Voici la traduction en français :


Entrée/Sortie de base

Plan

  • Fonctions pures
  • Introduction aux actions IO
  • Actions IO sous le capot
  • Actions IO en pratique
  • Le type ()
  • Interaction avec l'utilisateur
  • getChar, getLine et putStrLn
  • Les actions sont des valeurs de première classe
  • Composer des actions IO (>> et >>=)
  • Le bloc do
  • Utilisation de let, imbrication de blocs do, sortie d'IO et return
  • L'action main
  • Récapitulatif

Fonctions pures

Jusqu'à présent, nous avons travaillé avec des fonctions pures. Ces fonctions n'ont pas d'effets secondaires et prennent tous leurs arguments en entrée pour produire une valeur en sortie, qui dépend uniquement de ces arguments.

Ce que nous entendons par entrée et sortie est crucial ici. L'entrée d'une fonction ne peut être constituée que des valeurs fournies comme arguments, et la sortie est la valeur qu'elle retourne.

Par exemple :

La fonction lame prend un seul paramètre numérique et retourne sa valeur multipliée par trois. La sortie de cette fonction dépend exclusivement de la valeur d'entrée. Ainsi, chaque fois que nous appliquons cette fonction à 4, nous obtenons 12.

Même si nous ne montrons pas explicitement l’entrée de max6, nous savons que filter est appliqué partiellement et prend une liste d'entiers en entrée. Comme précédemment, la sortie dépend uniquement de l'entrée. Donc, chaque fois que nous appliquons max6 à la même liste, nous obtenons le même résultat.

Et bien sûr, en Haskell, les fonctions sont curried. Si une fonction semble prendre plusieurs arguments, elle prend en réalité un paramètre unique et retourne une fonction qui prend un autre paramètre, et ainsi de suite, jusqu'à ce que tous les paramètres soient appliqués et que nous obtenions la valeur finale.

Tout va bien jusqu'à présent. Mais que se passe-t-il si nous n'avons pas encore l'entrée ?

Et si nous voulons créer un programme interactif ? Un site web ? Un jeu vidéo ? Lorsque nous écrivons notre programme, nous n'avons aucune idée de ce que l'utilisateur va faire avec. Nous ne pouvons pas prévoir si un joueur déplacera son personnage à gauche ou à droite. Ou si un utilisateur sur un site web cliquera sur un bouton spécifique.

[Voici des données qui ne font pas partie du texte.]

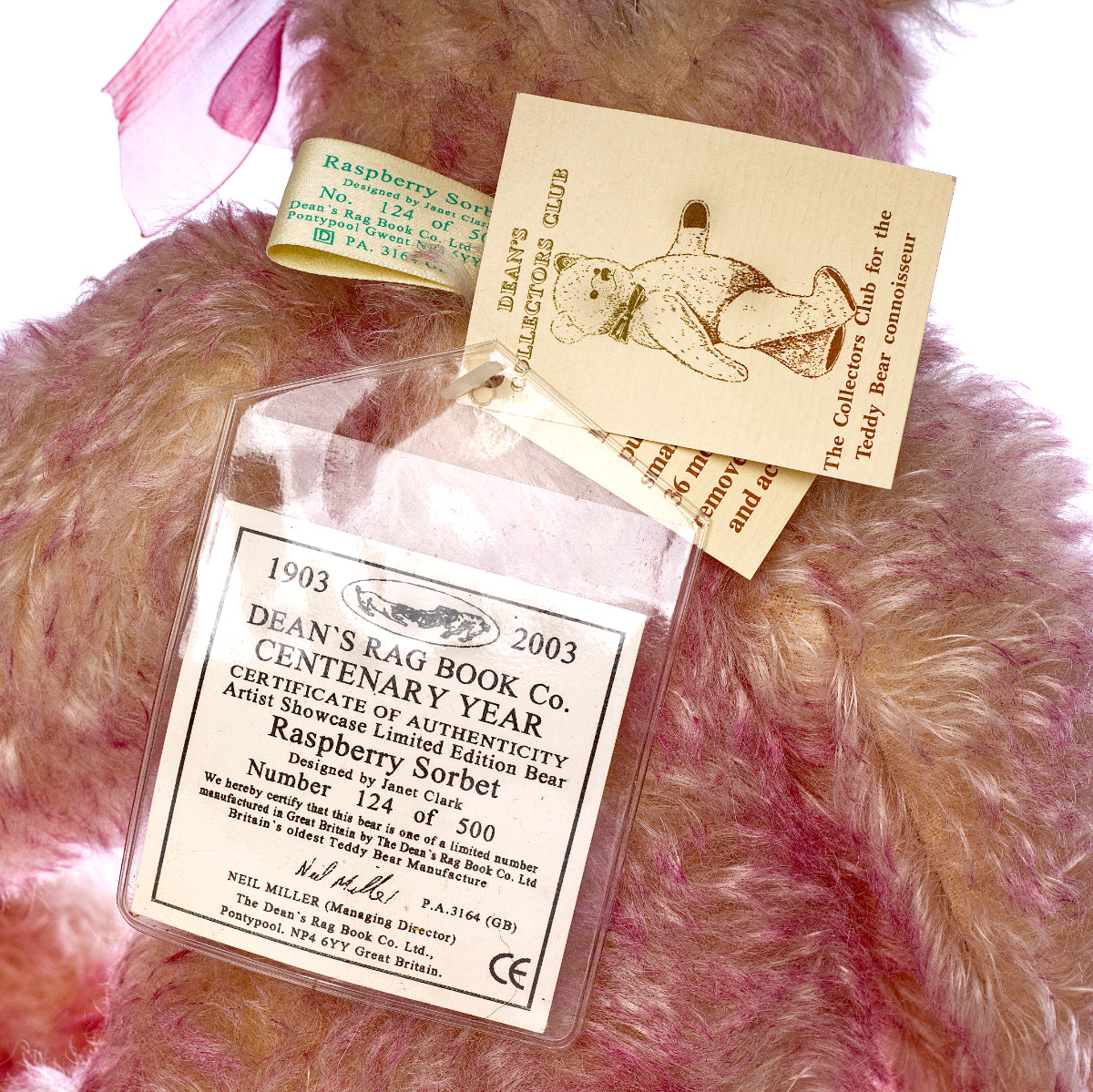 DEAN'S RAG BOOK Co. 'Raspberry Sorbet' Bear - from The Centenary Range by Janet Clark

Ces événements se produisent pendant l'exécution du programme, il est donc impossible pour le programmeur de les passer à l'avance comme arguments d'une fonction.

Nous pourrions essayer, mais imaginez un jeu où tout est décidé à l'avance, sans aucune interaction possible. Ce ne serait plus un jeu, mais plutôt un film. Et même afficher une image sur l'écran nécessiterait d'envoyer et de recevoir des informations de l’écran de l’ordinateur pendant l’exécution du programme. Sans cela, un tel programme ne ferait rien... sauf chauffer votre ordinateur.

La seule façon de fournir à notre programme les informations et capacités nécessaires est de lui donner un moyen d'interagir avec le monde réel.

Et pour cela, Haskell utilise les actions IO.


Introduction aux actions IO

Avant de commencer avec les actions IO, abordons un point important. Jusqu'à présent, je vous ai dit que tout ce que nous avons codé était pur et n'avait aucune interaction avec l'extérieur. Mais pourtant, nous avons interagi avec nos fonctions et passé des arguments dès la première leçon !

C'est parce que nous avons triché en utilisant GHCi, qui effectue des actions IO en arrière-plan sans nous le dire explicitement. En réalité, si nous voulons que notre programme interagisse avec le monde réel, nous devons utiliser des actions IO.


Qu'est-ce qu'une action IO ?

Une action IO (ou simplement "action" ou "computation") est une opération qui peut interagir avec le monde extérieur et potentiellement le modifier.

Le terme IO action peut prêter à confusion. Lorsqu'on parle d'IO actions, il ne s'agit pas des entrées et sorties des fonctions pures, mais bien de l'interaction entre notre programme et le monde extérieur.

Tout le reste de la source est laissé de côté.